- Born: Marj near Benghazi
- Citizenship: Libyan
- Education: Garyounis University
- Occupation: politician

= Huda Ben Amer =

Libyan former politician

Huda Ben Amer (هدى بن عامر) is a former Libyan politician. A follower of the Libyan ruler, Colonel Muammar Gaddafi, she was the Secretary of the General People's Congress of Inspection People's Control and mayor of Benghazi until the Libyan Civil War.

== Early life ==
Ben Amer was born in Marj near Benghazi and attended the Garyounis University in Benghazi. Belonging to a poor family without influence, Ben Amer lived in a two-room shack in central Benghazi.

== Execution of Al-Sadek Hamed Al-Shuwehdy ==
Ben Amer would rise to national prominence at a public execution staged by the Gaddafi government in 1984. The event in Benghazi's basketball stadium had been announced as the trial of one of Gaddafi's political enemies, Al-Sadek Hamed Al-Shuwehdy, an engineer who had been peacefully campaigning against the colonel's rule. But instead the schoolchildren and students who had been assembled for the purpose were made to see Al-Shuwehdy's execution by hanging. While the hanged man writhed on the gallows, Ben Amer stepped forward and grabbed al-Shuwehdy's legs, pulling him down until he stopped struggling and died.

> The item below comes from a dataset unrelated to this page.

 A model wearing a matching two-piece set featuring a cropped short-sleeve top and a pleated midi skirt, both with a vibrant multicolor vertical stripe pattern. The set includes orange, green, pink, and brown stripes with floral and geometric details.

That display of ruthlessness, about which she later liked to boast—she is remembered in Benghazi by her saying "we don't need talking, we need hangings"—earned her the enduring loathing of the people of Benghazi and the nickname Huda Al-Shannaga—"Huda the Executioner". However, it impressed Gaddafi, who had been watching the execution on live television.

== Later career ==
He subsequently promoted Ben Amer to high government posts, including twice mayor of Benghazi and a leading member of the Legion Thoria, Gaddafi's organization of revolutionary committees. Eventually she became a favorite of Gaddafi, and one of the richest and most powerful women in Libya.

In the course of the national uprising in early 2011, a crowd stormed Ben Amer's sprawling mansion in Benghazi and, finding her gone, burned it to the ground. Later in March 2011, she was seen next to Gaddafi on one of his televised addresses. On 2 September 2011, Guma el-Gamaty, the UK coordinator of the National Transitional Council posted on Twitter that Ben Amer had been arrested in Tripoli by NTC forces.

Her arrest was never confirmed and she did not stand trial. She was interviewed by the Gaddafi loyalist-controlled Jamahiriya TV in 2019. In 2022, she gave another interview via the Clubhouse app where she accused Prime Minister Abdul Hamid Dbeibeh's family of corruption.